This is a stylish neck warmer & would make a nice Christmas gift.

https://coolcreativity.com/knit-2/self-fastening-flower-scarf-free-knitting-pattern/


----------



## dribla (Nov 14, 2011)

Oh so pretty, thank you for the link

Di


----------



## LibertyRose (Feb 8, 2018)

Thank you for the link, lots of lovely patterns there.


----------



## knitteerli (Jun 3, 2015)

Lovely! I forsee this as a favourite this year.


----------



## Tallest-Toad (Nov 11, 2017)

Oh yes I have seen that pattern. Now I have to get the pattern.


----------



## ParkerEliz (Mar 21, 2011)

I made this one for my mother not long ago. She really liked it. I thought it turned out really well. I had some beads that matched so I beaded the ball in the middle.


----------



## Roses and cats (Apr 17, 2013)

Very pretty, thank you for sharing.


----------



## LadyBecket (Jun 26, 2012)

Thank you so very much for this lovely pattern link!! This is something that I would love to make for this coming winter.


----------



## njbetsy (Apr 18, 2012)

Roses and cats said:


> Very pretty, thank you for sharing.


----------



## Curmudgeon (Dec 4, 2017)

Nice pattern. I like that. Another project to convert to crochet!


----------



## rosw (Sep 19, 2011)

Thank you for the link. Love the colour. A nice way to brighten up a top. Will be treating myself and would make a good stocking filler.
Also a nice short project, just what I am looking for. Over 30 degrees and it is not yet noon. Really hot for the UK!


----------



## justinjared (May 31, 2012)

Thank you.


----------



## HappieGram (Oct 31, 2011)

What a great idea. Thank you for the link.
It’s gorgeous.


----------



## Lilyan (Dec 16, 2015)

What a good idea. I like that it locks in place.


----------



## Madassie (Jan 21, 2015)

Thank you for sharing, it looks lovely!


----------



## kathycapp (Sep 22, 2014)

Very pretty and just a nice change from all the cowls.


----------



## HappieGram (Oct 31, 2011)

ParkerEliz said:


> I made this one for my mother not long ago. She really liked it. I thought it turned out really well. I had some beads that matched so I beaded the ball in the middle.

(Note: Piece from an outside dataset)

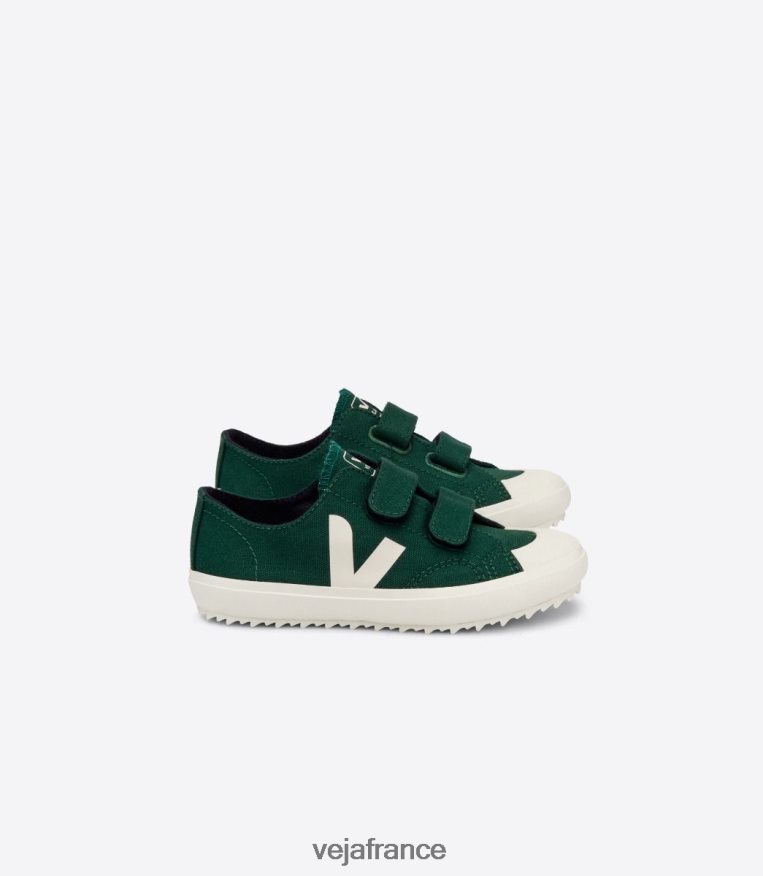 chaussures Veja ollie toile poker pierre enfants 0826JT397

Beautiful. The beading is perfect. Great job.


----------



## Longtimer (May 23, 2013)

Very nice. Thank you so much. Also thank you for including the picture with the link. Very thoughtful.


----------



## Limey287 (Nov 6, 2011)

What a terrific pattern, thanks for sharing - definitely on my list to make


----------



## jeanne63 (Mar 14, 2014)

I found that last week, printed it and should get it together to knit...so cute.


----------



## mdherde (Oct 30, 2013)

Thanks


----------



## saukvillesu (Jan 10, 2013)

This is a good stash buster, too. I made about a dozen a year or so ago because I thought they would sell well and I liked the design. I posted on Etsy and none sold. Also tried some craft fairs. I don't understand it!


----------



## JudithKnits (Sep 28, 2017)

Thank you for the pattern reference laceluvr. I initially thought it would be a craft fair item. Then I read saukvillsu's comment. I think I will make one up and get some feedback before I do more for the shows.


----------



## riversong200 (Apr 20, 2014)

Fun scarf! Thanks for posting.


----------



## GrannyH (Jul 4, 2011)

Neat idea. If you make it shorter, it could be a headband!


----------



## IndigoSpinner (Jul 9, 2011)

This is absolutely brilliant! What a great knitted closing for anything!


----------



## Jill Erin (Jan 12, 2014)

So lovely. Thank you for the pattern!


----------



## laceluvr (Feb 16, 2012)

ParkerEliz said:


> I made this one for my mother not long ago. She really liked it. I thought it turned out really well. I had some beads that matched so I beaded the ball in the middle.


Oh, that is beautiful. Love your yarn color & especially the beads. When I saw the pattern, I immediately thought of using beads for the 'button'; or perhaps a large glitzy vintage button...so many possibilities for this pattern. Thanks for posting a photo of your project.


----------



## lexiemae (Aug 14, 2013)

Thank you, what a nice change, I like the way it fastens. I keep all the unusual "one off" larger buttons I get gifted, I will try this using a button in the middle of the flower (I can't knit in the round so my flower will be different). On my list of things to do. :sm16:


----------



## Mary JB (May 14, 2011)

So pretty, and doesn’t look too difficult.


----------



## oannejay (Apr 12, 2012)

Really beautiful. It would be a pleasure to wear. Thanks for posting!


----------



## Nanamel14 (Aug 4, 2016)

Beautiful, thanks for sharing


----------



## mombr4 (Apr 21, 2011)

that is very pretty

thanks for sharing


----------



## idabit (Feb 11, 2011)

Absolutely !!! Many Thanks for this pretty one, it should be fun to do, quick and satisfying


----------